Sino-Japanese relations sunk to a new low on the weekend of April 9-10 when an estimated 10-20,000 Chinese protestors surrounded the Japanese Embassy in Beijing, pelting it with missiles and shouting"Japanese pigs come out" and"Be ashamed of distorting history." Thousands more vented their rage in other parts of the capital and in Guangzhou, Shenzhen and elsewhere.

The protests, demanding a boycott of Japanese goods, followed Tokyo's authorization of textbooks that many in China condemn for whitewashing Japan's brutal fifteen-year invasion (1931-45). The result is to rock the already troubled partnership between Asia's stagnating economic leader and its rising power, bringing China-Japan relations to their lowest point since reestablishment of diplomatic relations in 1972. Protests also took place in South Korea, where Gil Won Ok and her elderly comrades serenaded the Japanese Embassy in Seoul to plead, pray and denounce the Tokyo government."Who will take away my pain," cried the frail 77-year-old who was barely a teenager when she was forced to provide sex to Japanese soldiers during World War II."Atone for the past and let me die in peace!"

The pensioners – among the few still alive from an estimated 100-200,000 "comfort women," the sex slaves of the Imperial Japanese Army -- have been coming here since 1992 to demand an apology.

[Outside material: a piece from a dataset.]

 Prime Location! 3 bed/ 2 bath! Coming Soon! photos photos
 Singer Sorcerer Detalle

But neither time nor mortality have dulled the emotional heat of their campaign, which is regularly stoked by what Koreans young and old consider fresh insults from across the Japan Sea. Japan has now poured more fuel on the fire by authorizing high-school textbooks that Korean government spokesman Lee Kyu Hyung said ‘beautify and justify’ its occupation of much of Asia until 1945.

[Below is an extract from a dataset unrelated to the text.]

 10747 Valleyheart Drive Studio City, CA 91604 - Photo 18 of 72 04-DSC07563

The war over what Japan teaches its children has raged since the early 1980s. The latest battles emerge as the tectonic plates of Asian politics shift to accommodate the growing economic might of China, as territorial disputes between Japan and her major neighbors, China, Korea and Russia roil the waters, and as governments in Japan, China and South Korea all seek to turn genuine popular grievances to their political advantage by stoking the flames of nationalism. The resulting volatile political situation casts a dark shadow over the booming intra-regional economic growth and early steps toward regional integration.

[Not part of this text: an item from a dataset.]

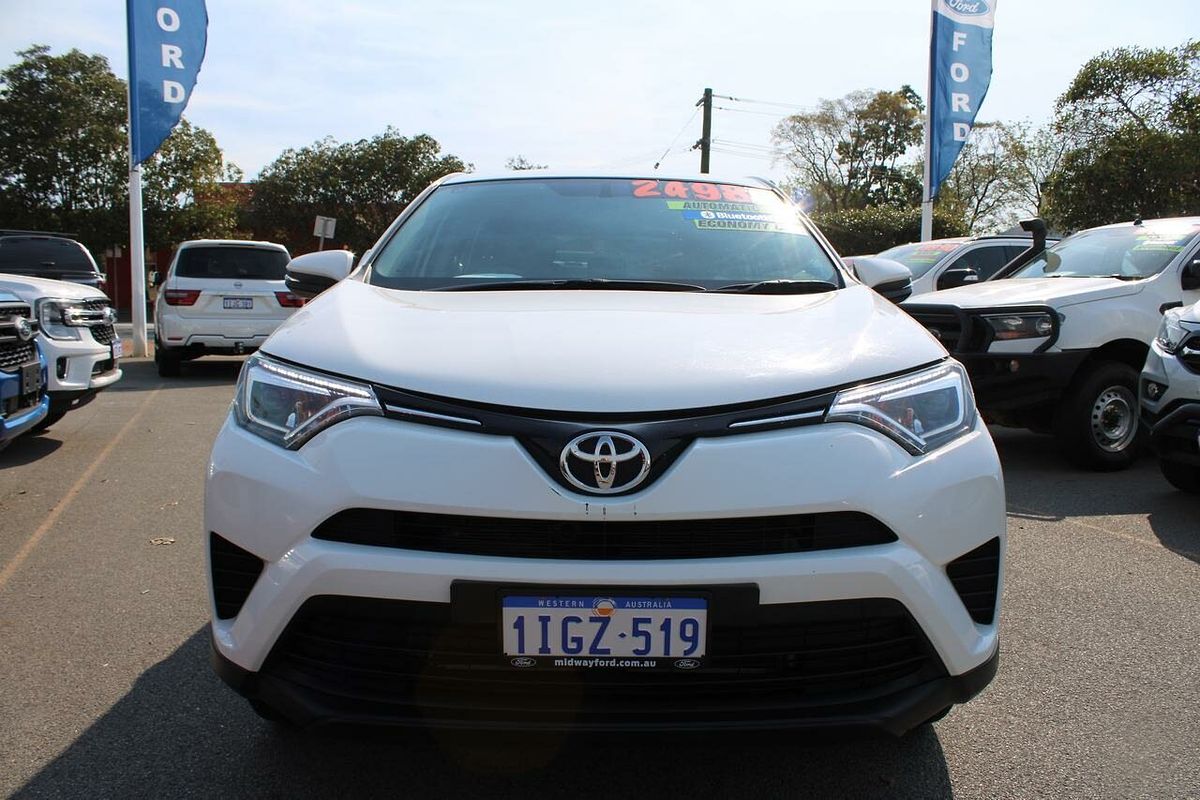 2017 Toyota RAV4 GX ASA44R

The most contentious history text – one of eight passed for use by Japan's Ministry of Education - removes all references to the comfort women and atrocities such as the Nanjing massacre, and suggests that Korea invited the Japanese occupation a century ago. A civics text claims jurisdiction over a clump of rocks called Takeshima (Korean: Tokdo) that was seized by Japan in 1905 but has been held by Korea since 1945. “What nonsense is this,” editorialized the normally mild Korea Herald, at a time when the islets have become the subject of intense Japan-Korea strife as a result of renewed Japanese claims to them.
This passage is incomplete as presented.